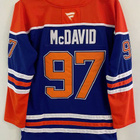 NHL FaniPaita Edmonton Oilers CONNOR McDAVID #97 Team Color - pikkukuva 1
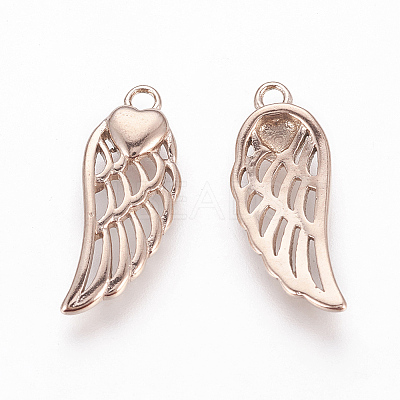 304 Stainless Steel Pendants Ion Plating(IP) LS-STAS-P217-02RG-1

* * *

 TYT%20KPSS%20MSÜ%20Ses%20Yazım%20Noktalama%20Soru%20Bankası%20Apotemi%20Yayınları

• Task details: Pictures aside, return exactly the lines from the data above, starting at the line that has "NHL FaniPaita Edmonton" and ending at the line that has "304 Stainless Steel", both included.

• The completed task:
 NHL FaniPaita Edmonton Oilers CONNOR McDAVID #97 Team Color - pikkukuva 1
 304 Stainless Steel Pendants Ion Plating(IP) LS-STAS-P217-02RG-1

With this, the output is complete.